Posted at 6:37 PM, Jul 13, 2018
and last updated 2018-07-13 18:37:27-04

MARGAREE FORKS, Nova Scotia – It appeared to be a joyous photo op: a 57-year-old Nova Scotia woman and her 19-year-old nephew holding up a check for $1.2 million Canadian ($900,000) they’d won in a fundraising event that helped fire departments around Margaree Forks.

But per the CBC, the presser Thursday went downhill soon after the shutter clicked as Barbara Reddick said she’d be taking Tyrone MacInnis to court for his half of the money.

“Tyrone is getting nothing,” says Reddick, per the Province, insisting the teen is lying that they’d agreed to split the prize, and that while his name had been alongside hers on the winning ticket, she’d added it there “for good luck because he’s like a son to me.”
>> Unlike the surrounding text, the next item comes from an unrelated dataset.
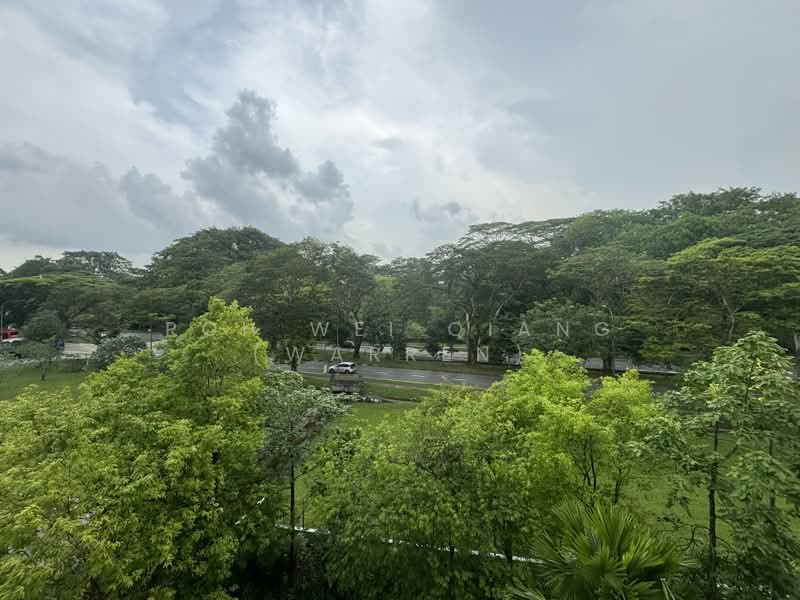Floraville, 2 Cactus Road, 3 Bedrooms, 797 sqft, Condominium For Rent, by Poh Wei Qiang (Warren), 25117053 - PropertyGuru.com.sg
Reddick says she’d electronically transferred $100 to MacInnis so he could buy her tickets for the Chase the Ace jackpot, in which eligible participants have a chance to draw the ace of spades from a deck of cards for the big prize.
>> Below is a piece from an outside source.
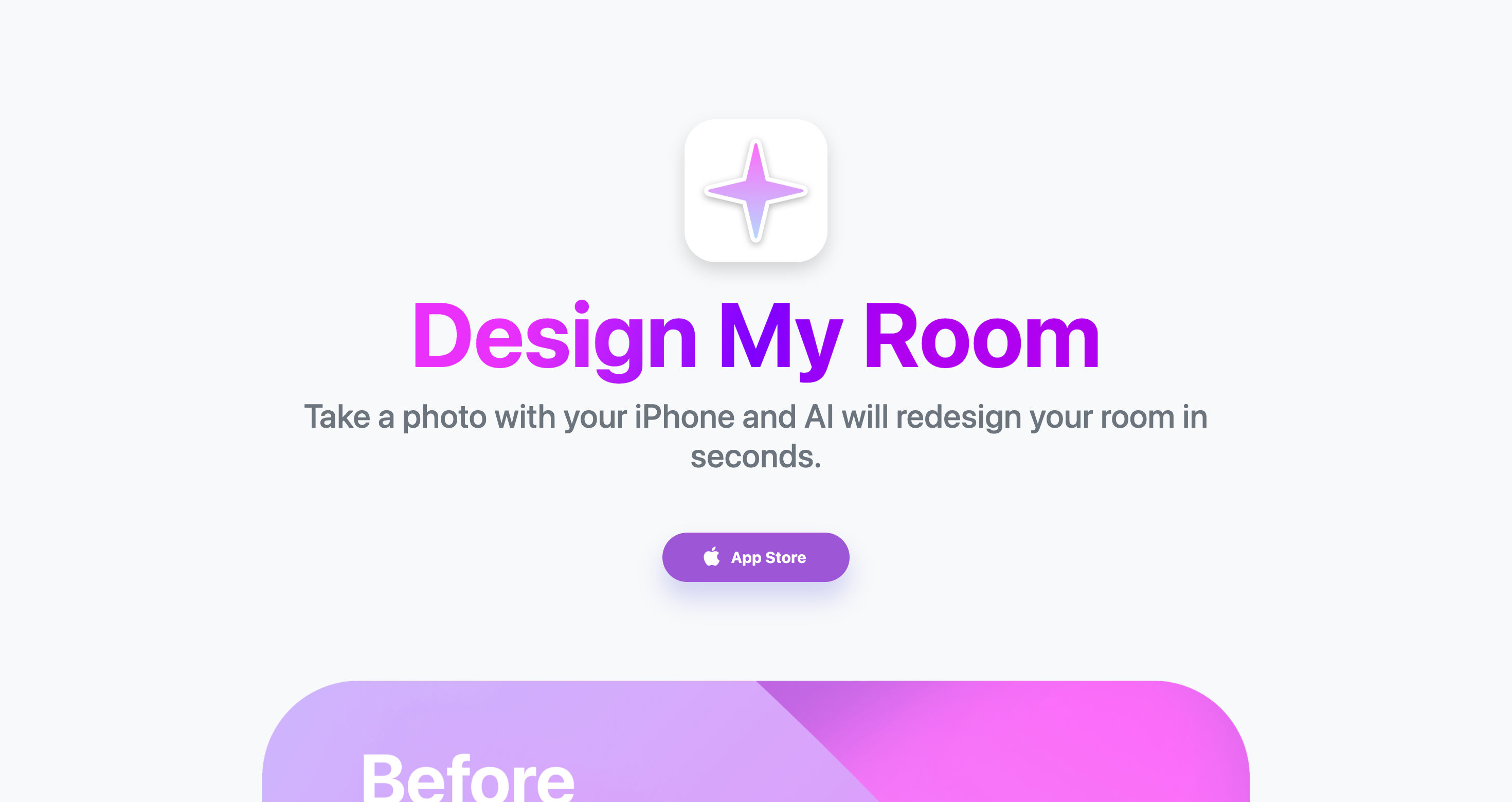 Design My Room Thumbnail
“I said, ‘Well, put your name on the ticket and you’ll be my good luck charm,'” she notes.

Before the check ceremony, Reddick says she confronted MacInnis and asked him to admit they’d never agreed to split the winnings, but he wouldn’t—so after they were presented with the giant symbolic check, a “visibly upset” Reddick started going off on her nephew in front of the cameras, per the Cape Breton Post. “I’ll never speak to him, in this lifetime or the next,” she says, per the Province.

Commenters on the fundraiser’s Facebook page don’t seem sympathetic to Reddick, with many calling her “greedy.”

Meanwhile, a Dalhousie University law professor tells the CBC because of the amount of the prize, any legal claim would have to go through the Nova Scotia Supreme Court, could cost both sides “tens of thousands of dollars,” and may take years to settle.